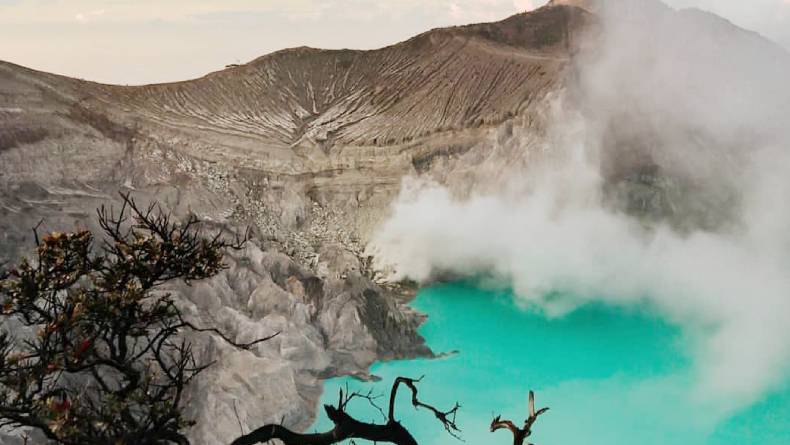 6 Gunung di Jawa Timur yang Jadi Favorit Para Pendaki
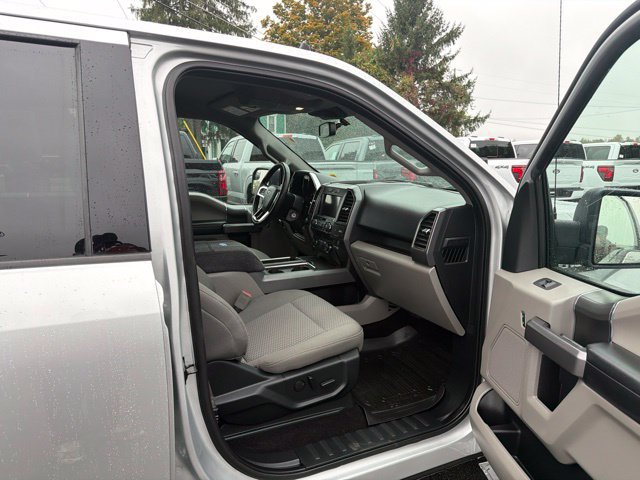 Used 2019 Ford F150 XLT w/ Equipment Group 302A Luxury AWD/4WD image 34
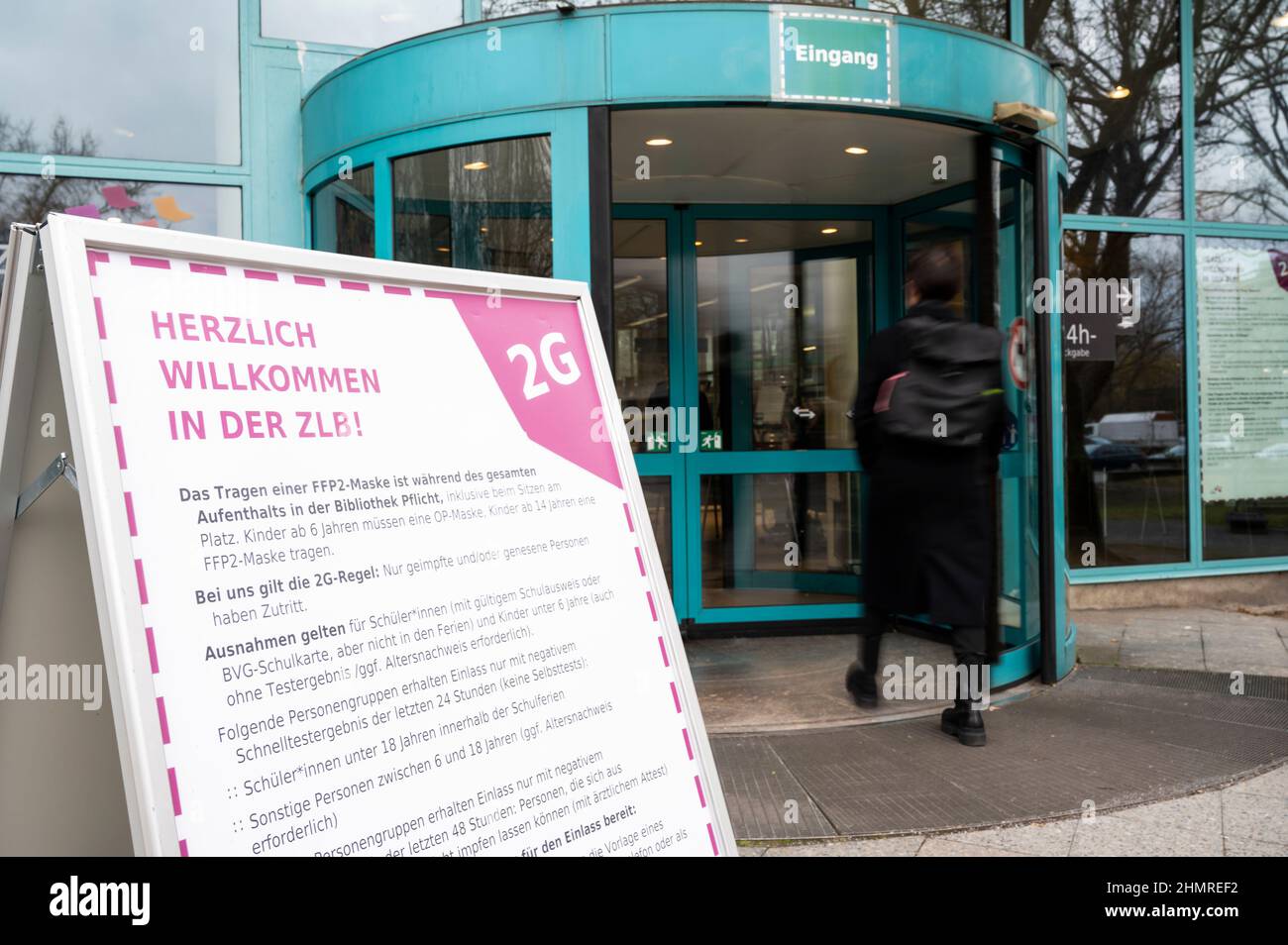Berlin, Germany. 10th Feb, 2022. At the entrance to the Zentral- und Landesbibliothek Berlin (ZLB) - Amerika-Gedenkbibliothek is a sign that reads Welcome to the ZLB - 2G. Credit: Christophe Gateau/dpa/Alamy Live News Stock Photo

▸ What the task requires:
None of the pictures should be kept; reproduce all the remaining material exactly.

▸ Result for this exercise:
 6 Gunung di Jawa Timur yang Jadi Favorit Para Pendaki
 Used 2019 Ford F150 XLT w/ Equipment Group 302A Luxury AWD/4WD image 34
Berlin, Germany. 10th Feb, 2022. At the entrance to the Zentral- und Landesbibliothek Berlin (ZLB) - Amerika-Gedenkbibliothek is a sign that reads Welcome to the ZLB - 2G. Credit: Christophe Gateau/dpa/Alamy Live News Stock Photo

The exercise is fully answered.